If you are curious as to what is a wheat beer, you have come to the right place because in this article we will tell you everything you need to know about this style of beer including a little bit of history and even tips on the best foods to pair with your beer.
So, let’s get started.
What Is Wheat Beer?
Before getting into the history and the types of beer, let’s first define what a wheat beer is. This is any kind of beer that is made of at least 50% malted or unmalted wheat.
Until the 1980s, when microbreweries started popping up, beer in the United States was hardly made using wheat; brewers mostly used barley as the major grain.
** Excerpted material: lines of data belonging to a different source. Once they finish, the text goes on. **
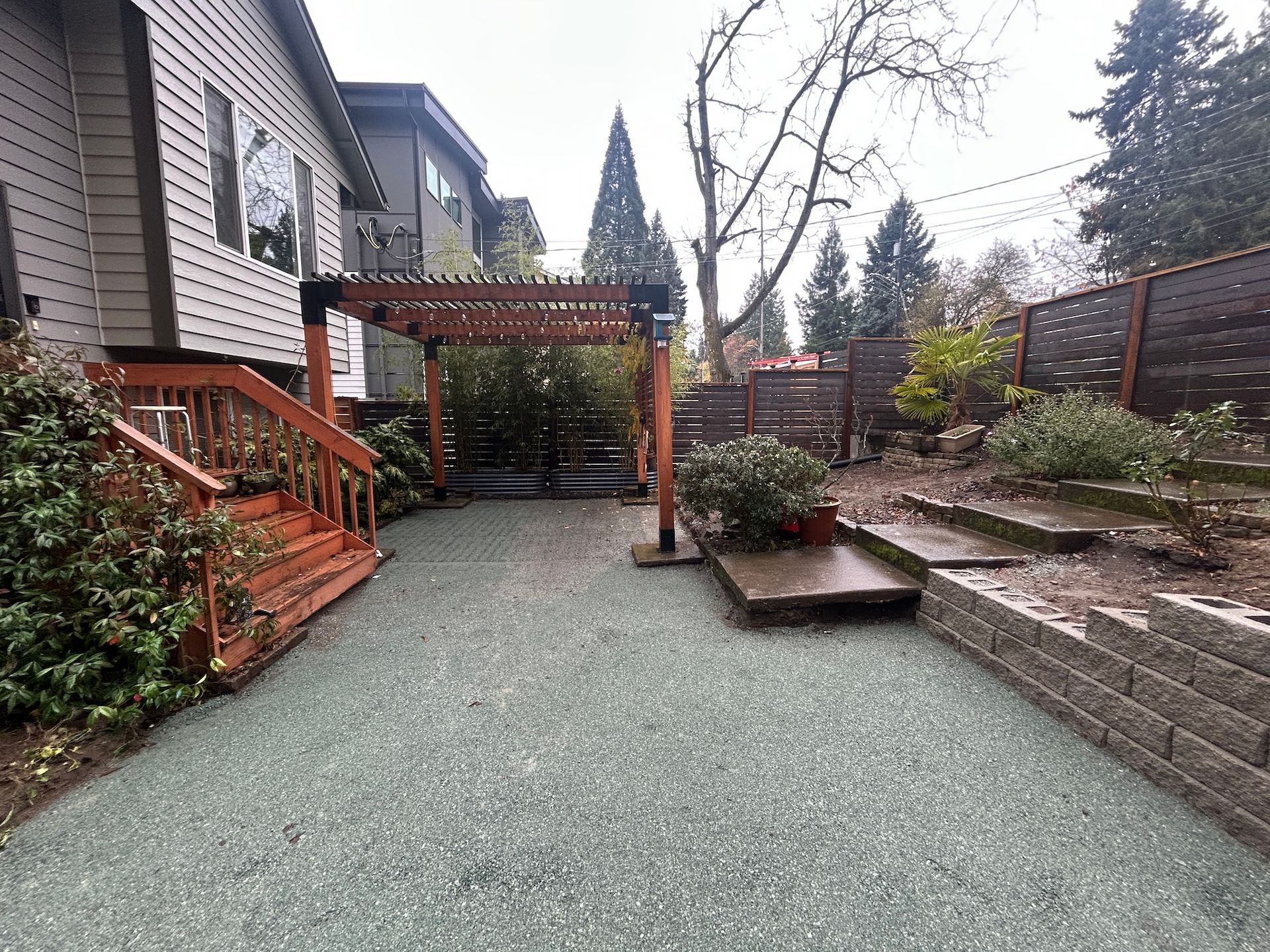 Gravel backyard patio with wooden deck stairs, pergola, raised planters, and retaining wall under bare trees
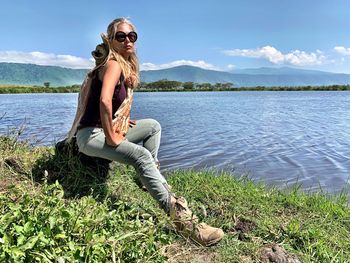 Portrait of woman sitting on rock by lake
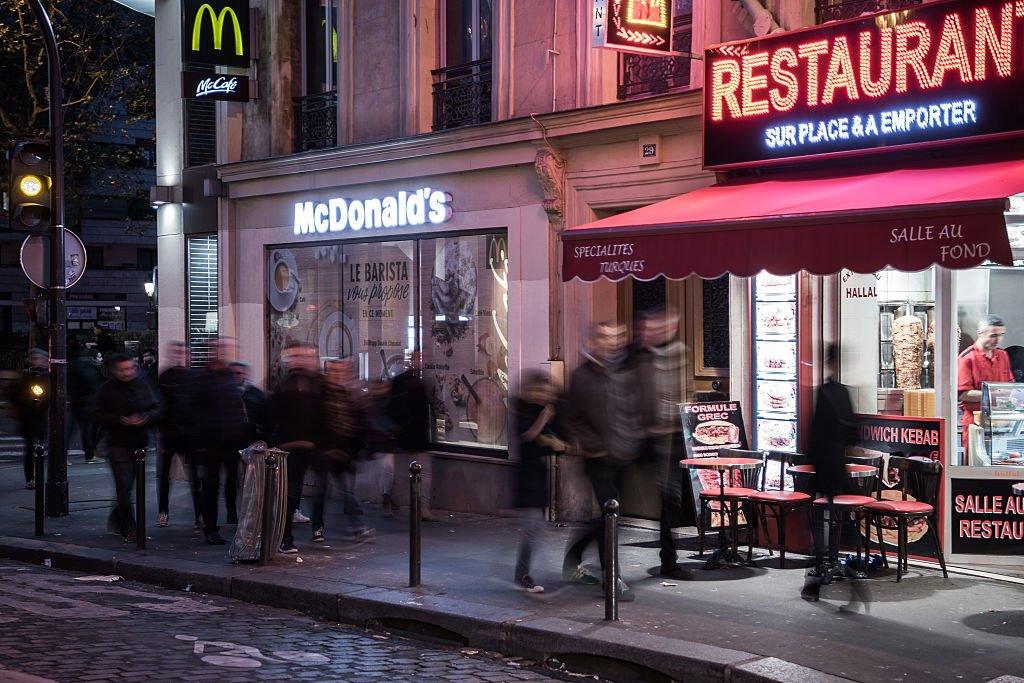 People walk past a McDonald's restaurant near the Cafe Bonne Biere in Paris.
But, in Europe, wheat has been used as the main grain in beer brewing for thousands of years.
Wheat Beer History
Wheat was first used as a brewing ingredient more than 10,000 years ago. In Europe, evidence of brewing using wheat dates as far back as 800 B.C. in Bavaria, which is now modern-day Germany.
The ruling Degenberger family is said to have pioneered the brewing of the first wheat beers in Bavaria. When the duke of the Degenberger died without an heir, the brewing license that the family monopolized was awarded to the Bavarian house of Dukes, known as, Duke Maximillian 1.
Duke Maximillian built the first wheat beer brewery in Munich. But, in the 1880s wheat beer or Weissbier lost its popularity, leading to the closure of many breweries.
The brewery in Munich continued to produce wheat ales but in small quantities. Eventually, the manufacture of Weissbier, which was limited only to specific brewers, was opened to the public.
Wheat beer made a major comeback when a brewer named Georg Schneider bought a brewery in Munich and worked hard to revive the Weissbier. To date, the Schneider family still operates the brewery.
Wheat Beer Profile
What does wheat beer look like? How does it taste? Let’s take a look at the characteristics of wheat beer based on the standards set by the Beer Judge Certification Program (BJCP).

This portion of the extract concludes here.